Suppose I give you an $n$-qubit state vector as a classical list of numbers (or as an oracle that can query the amplitudes). I tell you this state vector will contain exactly $k$ non-zero amplitudes, after you apply a Hadamard transform to it. You could determine what those non-zero amplitudes are in $O(n2^n)$ time by applying the fast Walsh-Hadamard transform. But that seems quite inefficient, given the promise that only $k$ of the $2^n$ outputs are actually needed.
Is there a way to compute a sparse representation of the the output, in time that scales polynomially in $k$ and $n$, like $O(k^9 n^9)$?
This would be the Hadamard analogue of the sparse fast Fourier transform. Or more specifically the high-dimension all-dimension-lengths-equal-to-2 sparse Fourier transform.

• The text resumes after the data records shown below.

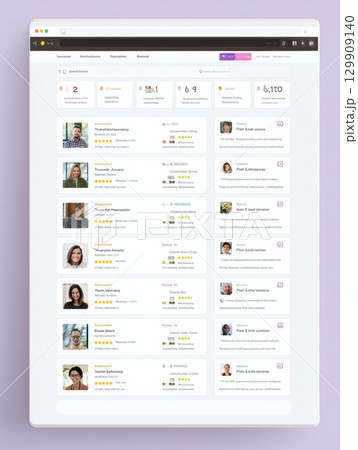 Overview of User Profiles on a Digital Platform Showcasing Various Individuals and Their Ratings for Services Offered 129909140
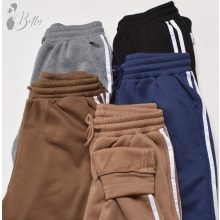 Oldalt dupla csíkos, polárbélelt melegítő nadrág S/M, L/XL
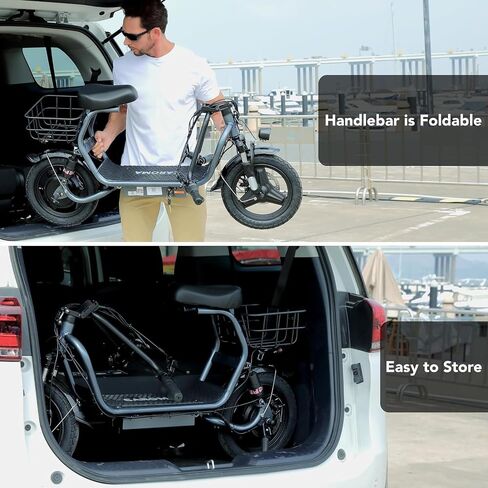 Caroma Peak 1200W Electric Scooter with Seat, 14" Fat Tire Electric Scooter Adults, 500Wh Battery up to 30 Miles&20MPH, Foldable Adult Electric Scooter for Commuting with Basket&Shock Absorbing in Saudi Arabia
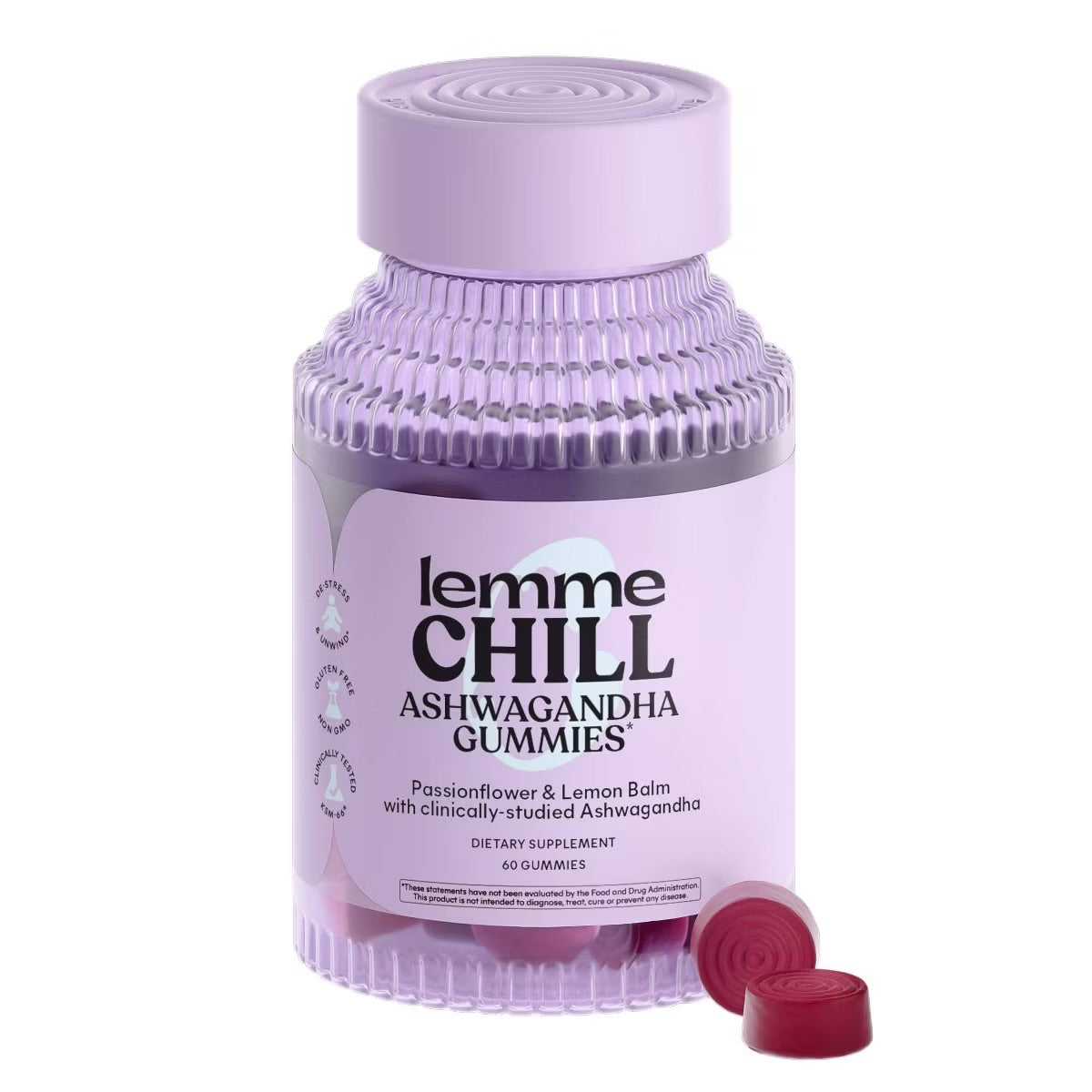 Lemme Chill De-Stress Ashwagandha Vegan Gummies - 60ct
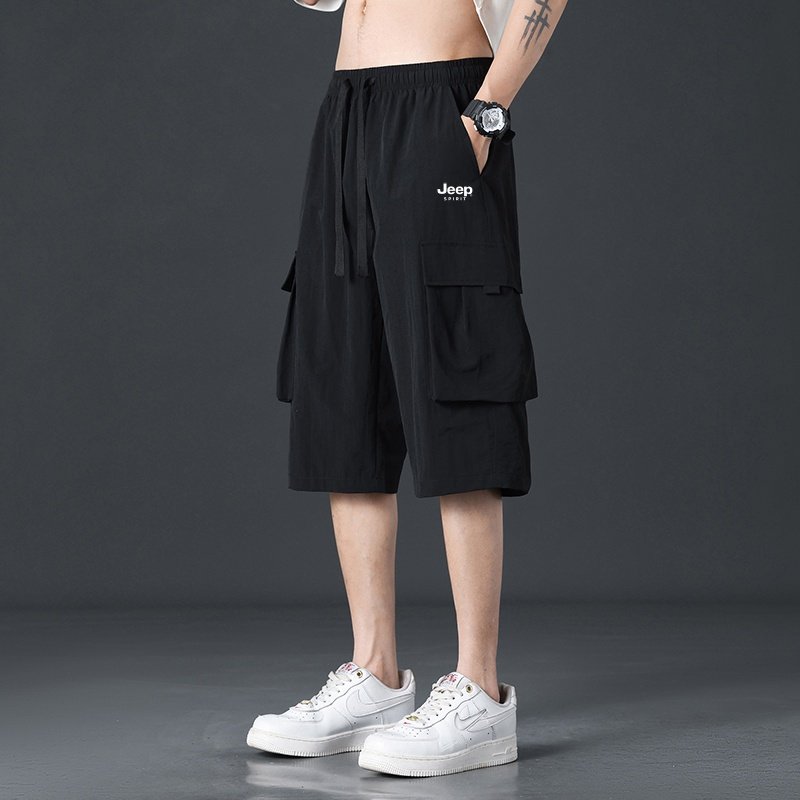 吉普JEEP冰丝短裤男夏季薄款速干运动七分裤美式工装外穿男士中裤,淘宝优惠券,粉丝福利购,淘宝优惠卷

For example, in the $k=1$ case, you can just look at the amplitudes of $|1\rangle$, $|2\rangle$, $|4\rangle$, $|8\rangle$, ..., $|2^{n-1}\rangle$ to check if they are equal or opposite to the amplitude of $|0\rangle$. The equal-or-opposite-ness directly reads off the bits of the state that has the single non-zero amplitude in the output. Under the hood this is because $HX = ZH$: we're checking for the Z's negation to infer whether each qubit will be bit flipped away from 0 or not after the Hadamard. This takes time $O(n)$.